Task to complete: Any pictures in the records below must be left out when you repeat the lines from the line containing "Because of this, the" through the line containing "A gutter margin" exactly.

The records:
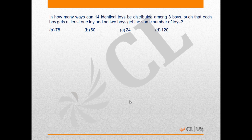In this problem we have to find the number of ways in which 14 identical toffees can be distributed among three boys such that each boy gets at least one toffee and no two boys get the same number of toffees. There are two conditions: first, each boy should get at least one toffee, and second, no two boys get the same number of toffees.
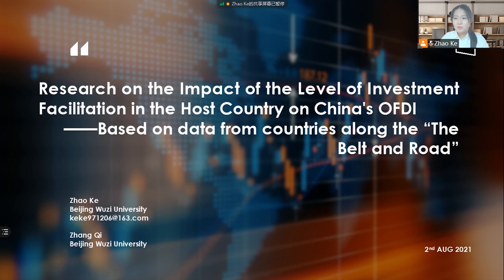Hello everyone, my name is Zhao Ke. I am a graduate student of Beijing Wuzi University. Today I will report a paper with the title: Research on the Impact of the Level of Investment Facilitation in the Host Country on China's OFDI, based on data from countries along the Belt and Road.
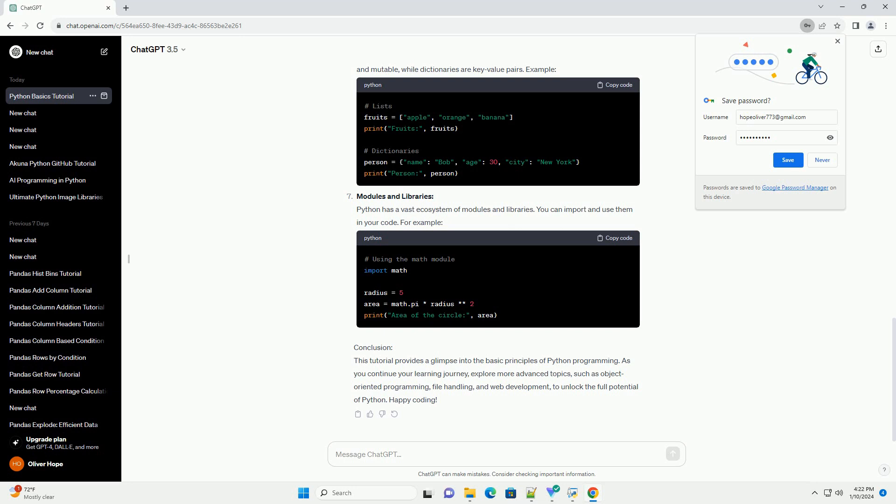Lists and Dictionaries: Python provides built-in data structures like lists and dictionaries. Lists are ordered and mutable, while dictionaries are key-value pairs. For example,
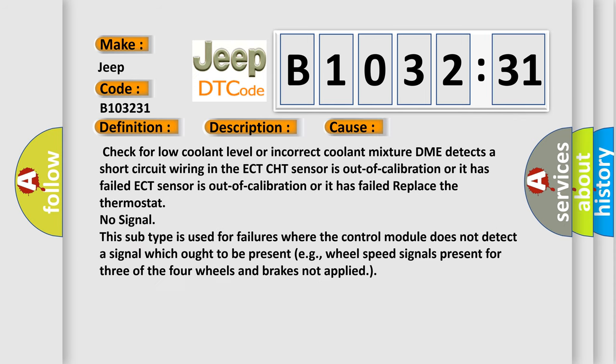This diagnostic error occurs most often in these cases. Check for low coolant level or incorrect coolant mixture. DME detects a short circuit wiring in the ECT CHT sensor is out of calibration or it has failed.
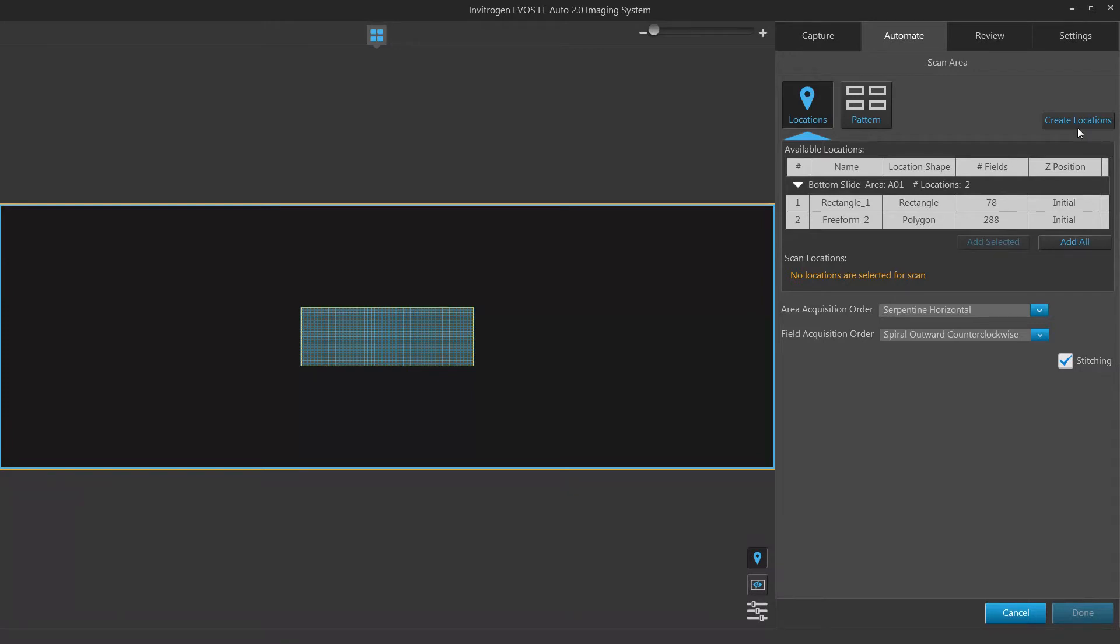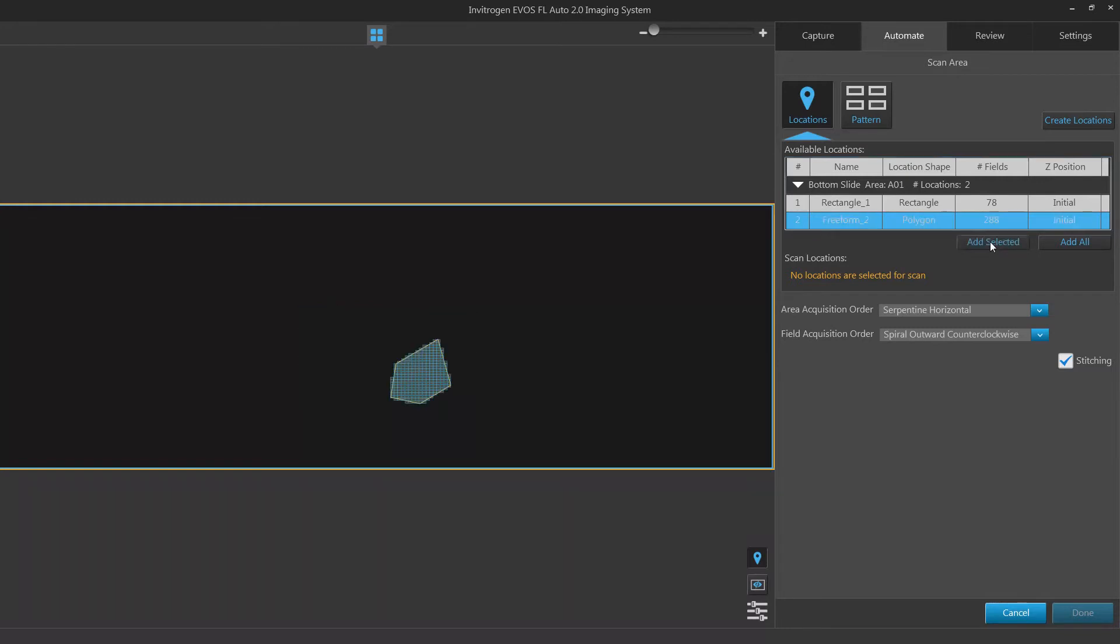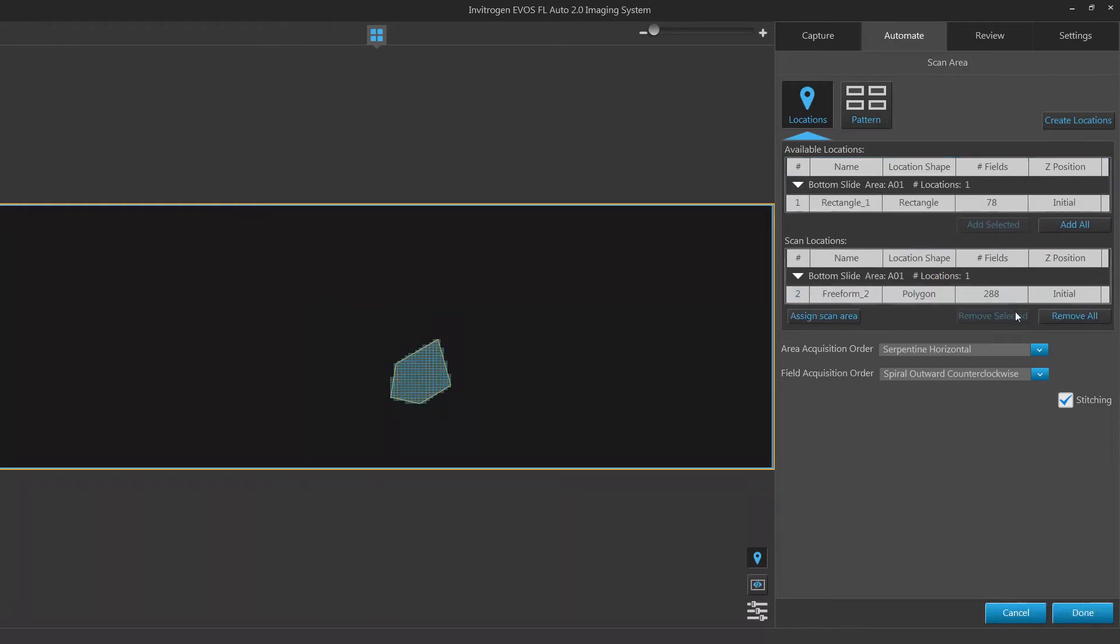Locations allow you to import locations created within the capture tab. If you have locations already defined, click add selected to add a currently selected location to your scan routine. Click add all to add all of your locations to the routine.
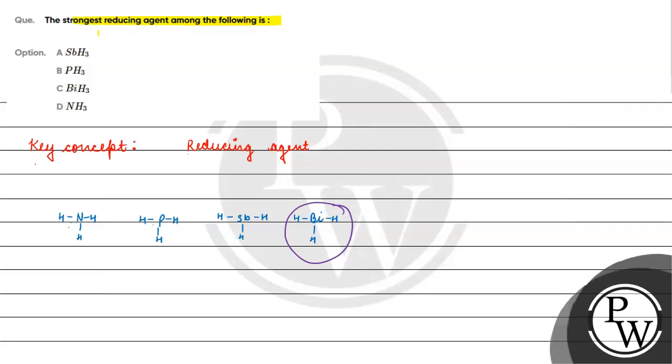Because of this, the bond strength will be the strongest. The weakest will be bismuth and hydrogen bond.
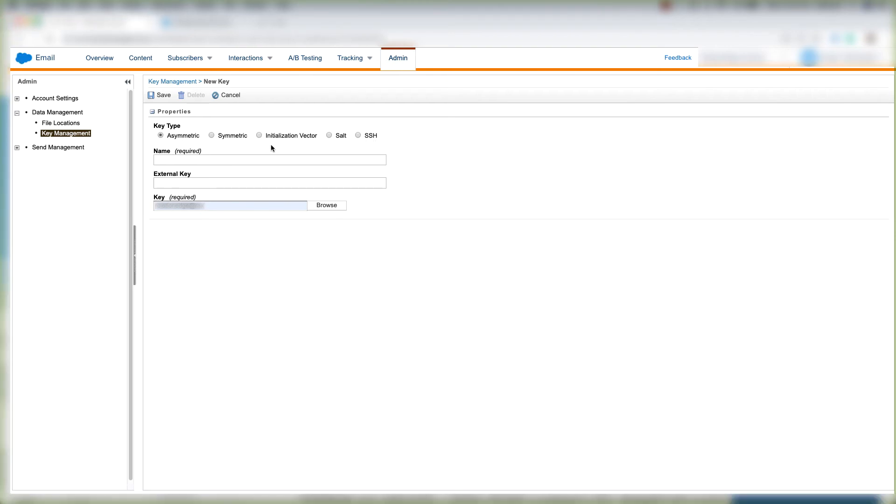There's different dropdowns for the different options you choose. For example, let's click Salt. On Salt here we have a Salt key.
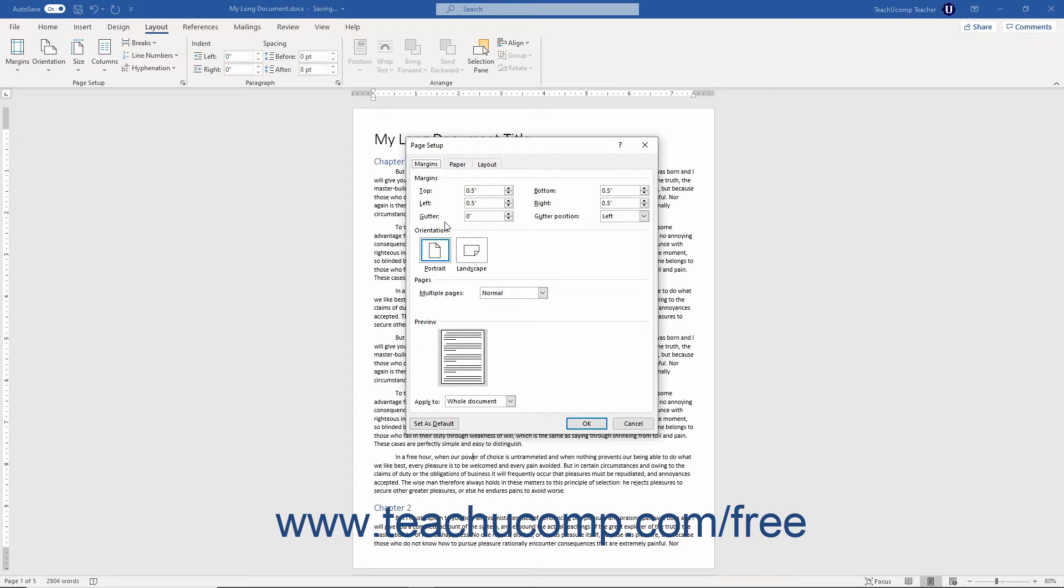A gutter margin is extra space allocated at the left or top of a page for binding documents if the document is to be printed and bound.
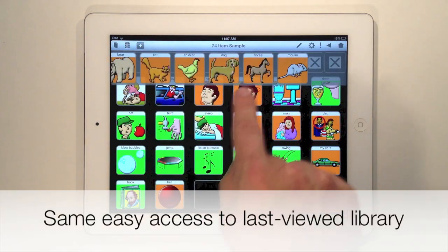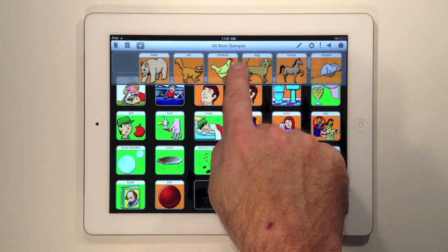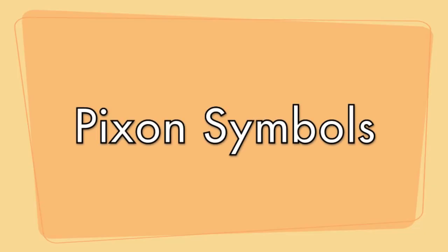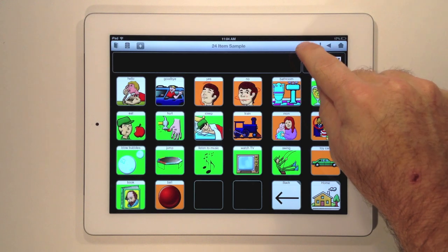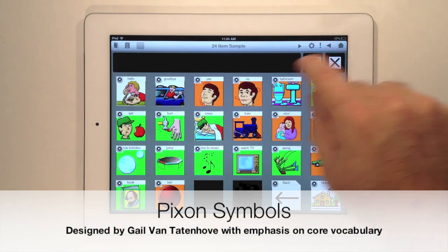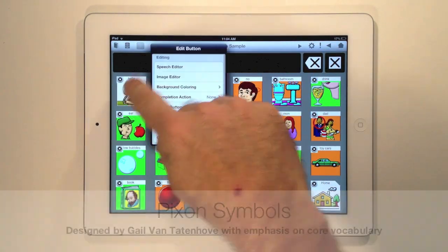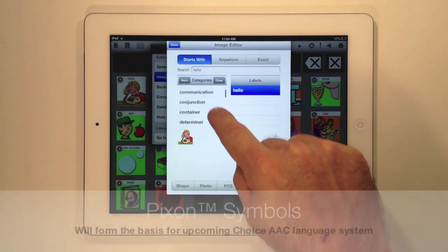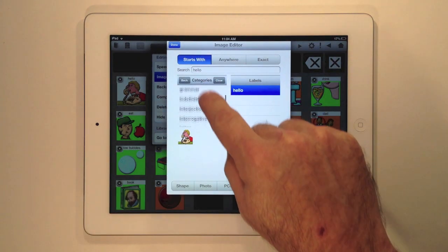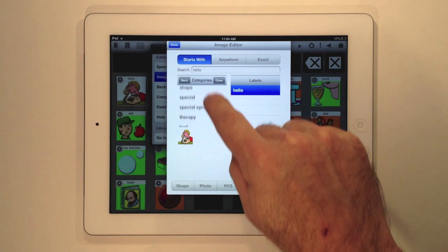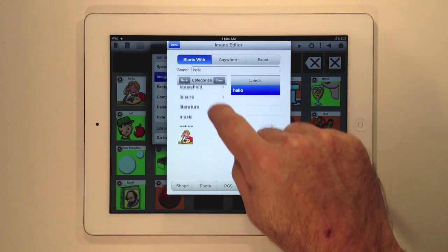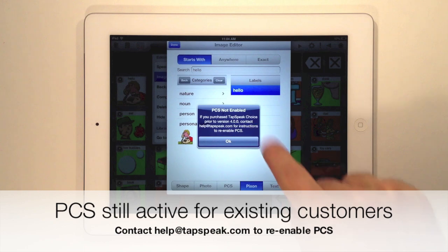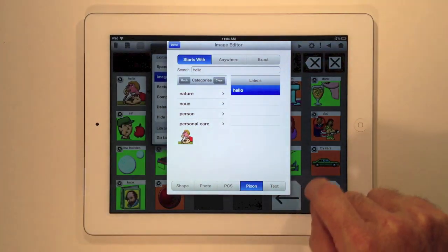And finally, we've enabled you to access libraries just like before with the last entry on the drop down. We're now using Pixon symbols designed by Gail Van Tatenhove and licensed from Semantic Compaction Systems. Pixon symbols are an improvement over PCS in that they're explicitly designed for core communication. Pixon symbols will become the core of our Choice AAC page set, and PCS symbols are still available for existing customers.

Reply to the exercise:
Because of this, the bond strength will be the strongest. The weakest will be bismuth and hydrogen bond.
There's different dropdowns for the different options you choose. For example, let's click Salt. On Salt here we have a Salt key.
A gutter margin is extra space allocated at the left or top of a page for binding documents if the document is to be printed and bound.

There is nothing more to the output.